Monday’s coalition agreement between the centre-left Labour Party (PvdA) and the free market liberal VVD Party will see the Netherlands with a new pro-European, pro-austerity government that plans on slashing 16 billion euros from its spending by 2017.
“Getting government finances in order is an absolute priority,” said second-time Prime Minister Mark Rutte, who, along with coalition partner Diederik Samsom of the PvdA, has targeted healthcare, social security and education for cuts. “Everybody will have to make sacrifices,” Samsom said.
For students, that means replacing grants with loans that have to be paid back and no more free travel on the rail network. Also on the chopping block are free school books.
“I think Holland will loose a lot of students because of this,” says recent Amsterdam nursing student Karima Adda, whose parents come from Morocco. She depended on grants for her education.
“Scrapping student grants, changing the travel card and scrapping health insurance benefits will cost students some €5,000 a year,” said Thijs van Reekum, chairman of student lobby group ISO.
The new leaders also pledged to raise the legal drinking age from 16 to 18 years old.
Immigration and integration
For migrants and refugees, the new coalition is offering a mixed bag. Amnesty will be granted to all refugee children who have lived in the country for more than five years, settling part of a contentious battle that has been fought out in the country’s municipalities for years. Direct family members will also be allowed to stay with them, removing old obstacles that saw some family members receiving asylum while others were sent across the border.
But immigrants will be excluded from receiving welfare for the first seven years of their residency in the Netherlands, and the residency requirement for both voting in local elections and nationalisation will increase from five to seven years.
A burqa ban will also come into effect in education, public transport, healthcare and in government buildings, where face covering clothing will not be allowed. And any person who wears face-covering clothes will not be entitled to receive social security. And the same sanction will apply to people who don’t speak Dutch: a basic command of the language will be a condition for receiving government money.
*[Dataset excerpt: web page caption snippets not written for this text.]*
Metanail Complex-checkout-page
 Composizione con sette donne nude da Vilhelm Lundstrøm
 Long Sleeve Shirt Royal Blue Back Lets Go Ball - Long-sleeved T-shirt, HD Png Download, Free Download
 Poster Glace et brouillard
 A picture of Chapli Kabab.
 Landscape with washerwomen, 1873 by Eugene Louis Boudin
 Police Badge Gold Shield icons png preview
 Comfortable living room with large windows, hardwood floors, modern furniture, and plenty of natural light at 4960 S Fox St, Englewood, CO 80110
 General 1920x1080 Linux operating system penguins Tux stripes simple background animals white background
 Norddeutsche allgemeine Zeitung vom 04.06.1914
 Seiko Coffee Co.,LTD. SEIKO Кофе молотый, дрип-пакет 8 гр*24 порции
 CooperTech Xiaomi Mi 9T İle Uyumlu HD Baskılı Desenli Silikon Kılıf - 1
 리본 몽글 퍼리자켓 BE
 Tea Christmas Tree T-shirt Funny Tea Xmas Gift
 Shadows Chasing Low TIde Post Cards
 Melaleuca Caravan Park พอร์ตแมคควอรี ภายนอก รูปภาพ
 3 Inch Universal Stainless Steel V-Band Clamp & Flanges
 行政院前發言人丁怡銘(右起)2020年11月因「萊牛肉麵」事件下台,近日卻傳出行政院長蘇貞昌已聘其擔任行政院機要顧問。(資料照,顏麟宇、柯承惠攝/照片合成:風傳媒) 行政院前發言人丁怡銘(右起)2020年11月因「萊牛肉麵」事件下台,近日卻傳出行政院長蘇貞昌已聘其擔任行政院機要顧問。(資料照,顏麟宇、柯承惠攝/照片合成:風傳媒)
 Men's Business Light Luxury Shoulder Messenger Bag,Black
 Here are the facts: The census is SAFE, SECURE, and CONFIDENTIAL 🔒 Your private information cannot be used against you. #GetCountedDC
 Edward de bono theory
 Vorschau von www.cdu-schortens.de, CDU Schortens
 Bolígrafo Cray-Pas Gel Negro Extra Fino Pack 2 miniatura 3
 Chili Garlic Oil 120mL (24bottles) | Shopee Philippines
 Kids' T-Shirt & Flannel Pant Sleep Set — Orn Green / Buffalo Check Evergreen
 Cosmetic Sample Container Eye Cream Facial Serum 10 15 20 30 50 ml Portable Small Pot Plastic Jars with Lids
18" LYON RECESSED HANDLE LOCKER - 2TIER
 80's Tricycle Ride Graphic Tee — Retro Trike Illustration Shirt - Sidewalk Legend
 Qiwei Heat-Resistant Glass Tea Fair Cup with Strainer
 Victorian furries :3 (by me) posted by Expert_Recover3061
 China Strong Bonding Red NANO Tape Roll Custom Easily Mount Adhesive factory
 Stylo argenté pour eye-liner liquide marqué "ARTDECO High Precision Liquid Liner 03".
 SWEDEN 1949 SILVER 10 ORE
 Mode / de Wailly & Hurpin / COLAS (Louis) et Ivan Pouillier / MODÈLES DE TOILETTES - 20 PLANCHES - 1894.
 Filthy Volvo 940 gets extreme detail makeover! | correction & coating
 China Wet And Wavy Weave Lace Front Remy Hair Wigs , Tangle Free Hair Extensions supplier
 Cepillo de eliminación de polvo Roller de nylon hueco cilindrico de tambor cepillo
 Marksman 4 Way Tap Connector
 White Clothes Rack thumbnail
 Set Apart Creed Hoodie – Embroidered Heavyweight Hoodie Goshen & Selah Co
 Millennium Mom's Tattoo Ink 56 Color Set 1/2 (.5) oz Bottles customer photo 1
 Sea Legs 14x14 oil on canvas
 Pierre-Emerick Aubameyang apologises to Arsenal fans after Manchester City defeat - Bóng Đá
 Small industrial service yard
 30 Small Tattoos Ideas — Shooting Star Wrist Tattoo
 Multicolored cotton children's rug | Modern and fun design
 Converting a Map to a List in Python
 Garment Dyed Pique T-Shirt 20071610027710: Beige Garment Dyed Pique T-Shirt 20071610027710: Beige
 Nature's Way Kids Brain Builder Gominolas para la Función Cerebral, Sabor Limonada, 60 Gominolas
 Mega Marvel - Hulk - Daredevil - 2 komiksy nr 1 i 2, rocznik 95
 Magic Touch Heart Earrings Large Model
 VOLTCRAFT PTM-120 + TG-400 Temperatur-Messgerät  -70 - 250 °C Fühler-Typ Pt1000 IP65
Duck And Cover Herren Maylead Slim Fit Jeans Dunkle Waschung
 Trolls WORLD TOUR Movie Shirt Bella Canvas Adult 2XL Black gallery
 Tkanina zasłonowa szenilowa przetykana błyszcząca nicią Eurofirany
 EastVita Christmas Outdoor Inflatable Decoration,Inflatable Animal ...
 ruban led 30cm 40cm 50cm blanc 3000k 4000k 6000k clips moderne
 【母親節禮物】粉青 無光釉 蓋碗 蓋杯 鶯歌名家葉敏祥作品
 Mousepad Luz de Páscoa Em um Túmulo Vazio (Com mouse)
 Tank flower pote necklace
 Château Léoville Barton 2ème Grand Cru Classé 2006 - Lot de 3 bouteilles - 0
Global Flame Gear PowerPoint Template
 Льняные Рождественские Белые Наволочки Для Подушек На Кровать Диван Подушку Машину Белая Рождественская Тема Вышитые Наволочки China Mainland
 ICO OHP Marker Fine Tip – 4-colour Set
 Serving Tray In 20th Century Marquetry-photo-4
Development aid, which now stands at 4.6 billion euros, is expected to be cut by one billion euros. “It is shocking, much worse than expected…,” said Farah Karimi, director of Oxfam Novib. “Two international agreements are being broken. We will be under the 0.7% of GDP limit for development aid and there is no extra money for climate policies in developing countries.”
But both labour and liberal leaders say the cuts are necessary to ensure that the Netherlands comes out of the Euro crisis strengthened. One of the strongest European economies, the Netherlands is still facing rising unemployment, lower housing prices and a stagnant economy. Siding with Germany, the new government, like its predecessor, is choosing the path of fiscal belt-tightening and deficit reduction.
Under the new economic blueprint, people with higher incomes are expected to bear more of the burden for balancing the budget. Both sides are saying they made concessions in order to “build bridges” between the ideologically opposed pro-labour PvdA and pro-business VVD parties.
In other issues, the Netherlands, which had been considering bidding for the 2028 Olympics (exactly a century after Amsterdam held the games last), will no longer try to host the games. The costs of bidding for and staging them, said the new agreement, is too financially risky and has little public support at the moment.
The controversial “weed pass” will also be scrapped. Dutch officials in the south of the country have instituted an embattled and largely unsuccessful policy whereby cannabis can only be sold to card-carrying Dutch residents. The plan was expected to be rolled out in the rest of the country at the start of 2013.
But under the new proposals, while the weed pass is out, coffee shops that sell cannibis will still be restricted to local residents who have identity cards to prove it.
”I don’t see any difference,” says a man who wants to be identified only as Bob S. He has been selling cannabis at Amsterdam’s Yo-Yo coffee shop for 22 years.
“We still are not able to welcome foreign customers, so that sounds exactly the same as the weed pass.” Still, he says he doubts authorities will be able to enforce the new policy. “It’s the same with the smoking ban in small cafes,” he says. “No one ever came here to check. So I’m not really worried.”